Aim of the task -> Below are lines of records; copy exactly those from the one containing "Vitello Flamingo Fendista" through the one containing "Tahari Long Open", leaving the pictures behind.

Data for this task ->
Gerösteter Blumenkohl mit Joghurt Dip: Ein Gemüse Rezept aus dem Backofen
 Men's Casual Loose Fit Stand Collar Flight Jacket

* * *

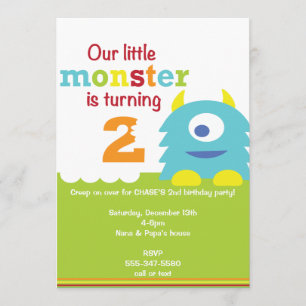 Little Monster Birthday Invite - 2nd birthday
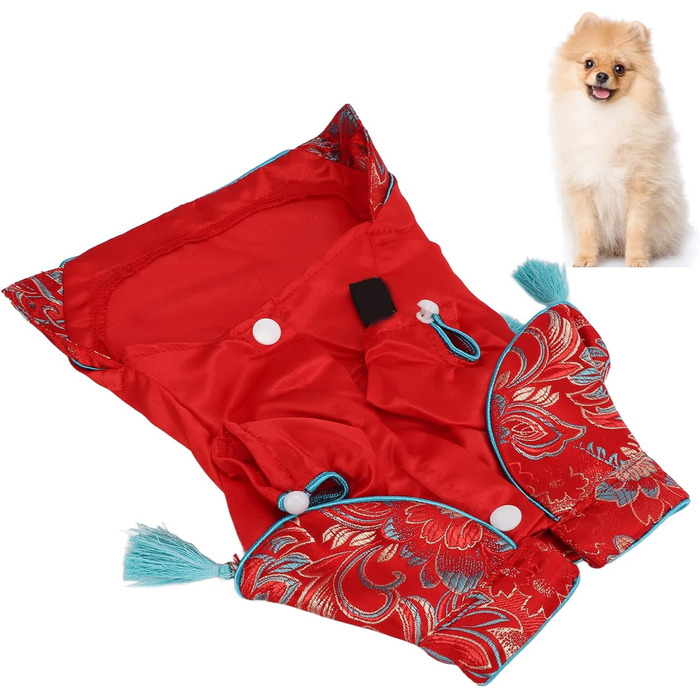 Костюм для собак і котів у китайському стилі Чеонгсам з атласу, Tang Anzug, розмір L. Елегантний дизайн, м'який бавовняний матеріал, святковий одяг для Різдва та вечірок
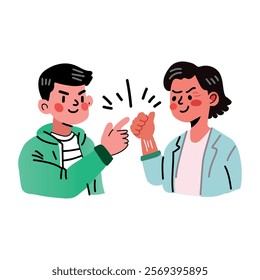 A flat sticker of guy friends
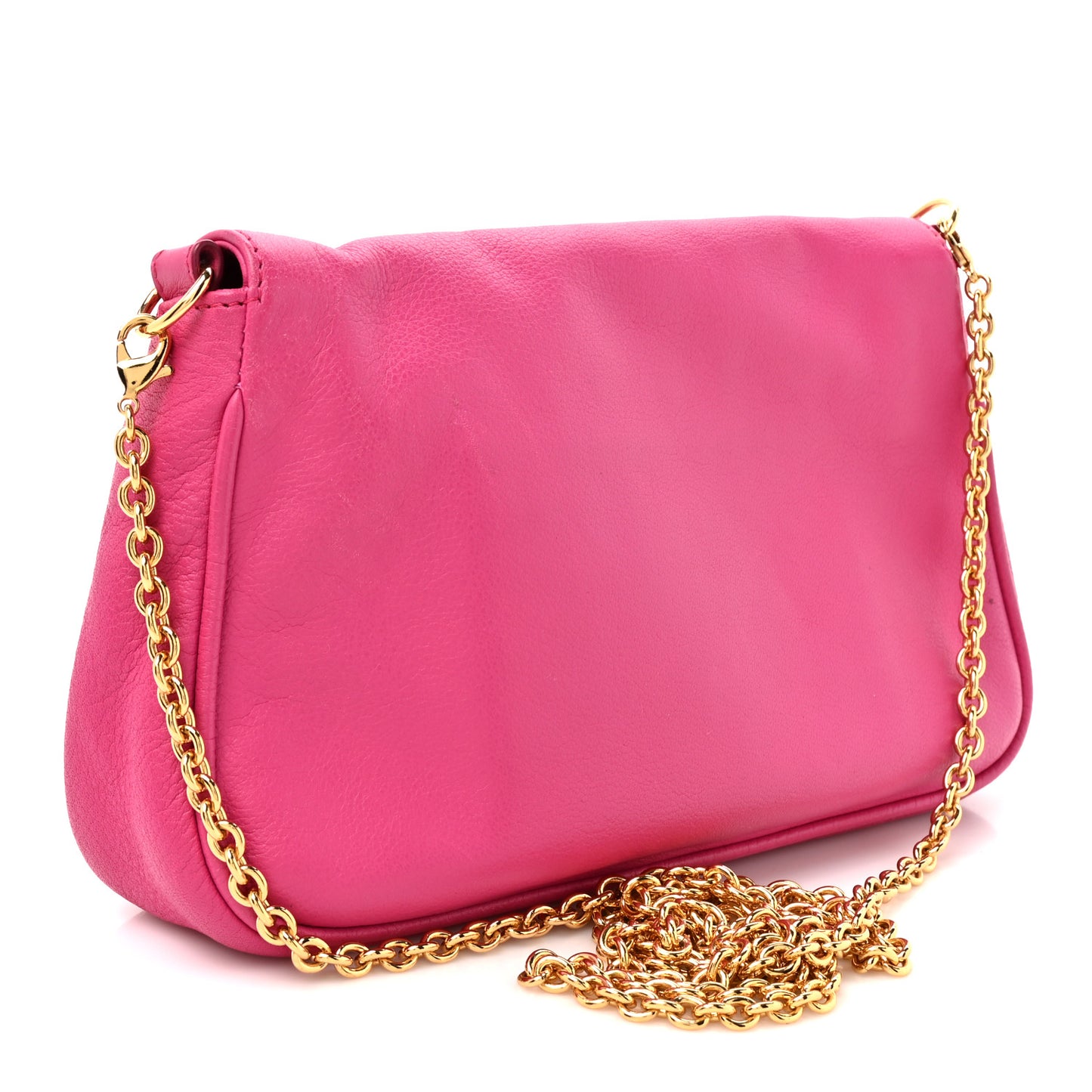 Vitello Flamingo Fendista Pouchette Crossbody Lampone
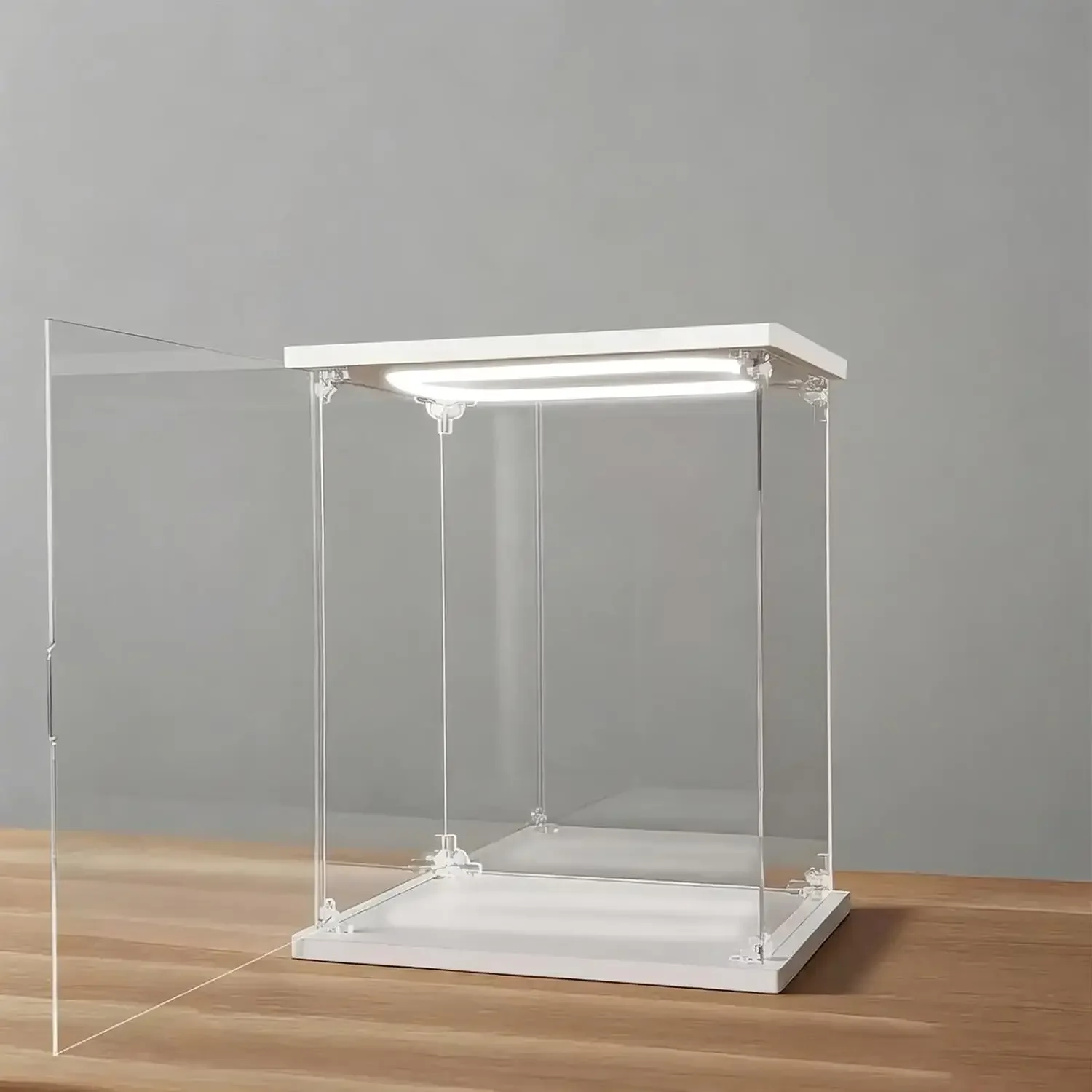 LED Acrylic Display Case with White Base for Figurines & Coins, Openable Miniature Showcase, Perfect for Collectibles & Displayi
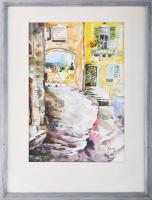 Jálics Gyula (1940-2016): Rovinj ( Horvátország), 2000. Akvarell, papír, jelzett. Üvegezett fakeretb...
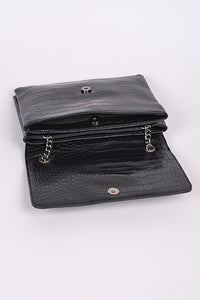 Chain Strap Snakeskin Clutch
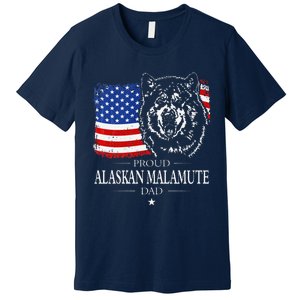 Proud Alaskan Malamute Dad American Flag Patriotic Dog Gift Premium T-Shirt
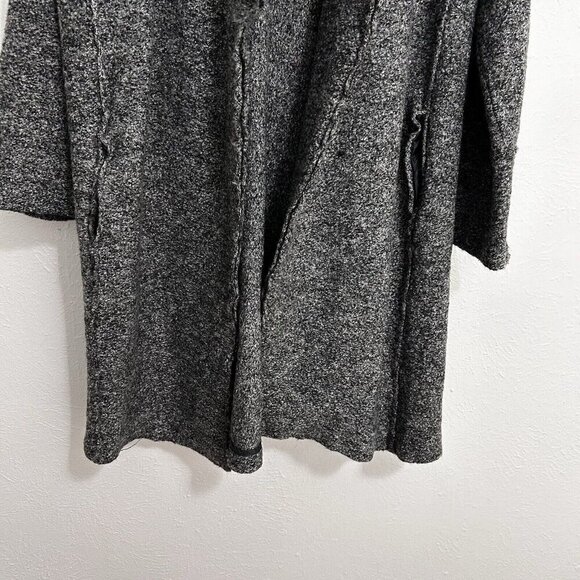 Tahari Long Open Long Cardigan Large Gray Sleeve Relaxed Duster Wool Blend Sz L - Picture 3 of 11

Answer below ->
 Vitello Flamingo Fendista Pouchette Crossbody Lampone
 LED Acrylic Display Case with White Base for Figurines & Coins, Openable Miniature Showcase, Perfect for Collectibles & Displayi
 Jálics Gyula (1940-2016): Rovinj ( Horvátország), 2000. Akvarell, papír, jelzett. Üvegezett fakeretb...
 Chain Strap Snakeskin Clutch
 Proud Alaskan Malamute Dad American Flag Patriotic Dog Gift Premium T-Shirt
 Tahari Long Open Long Cardigan Large Gray Sleeve Relaxed Duster Wool Blend Sz L - Picture 3 of 11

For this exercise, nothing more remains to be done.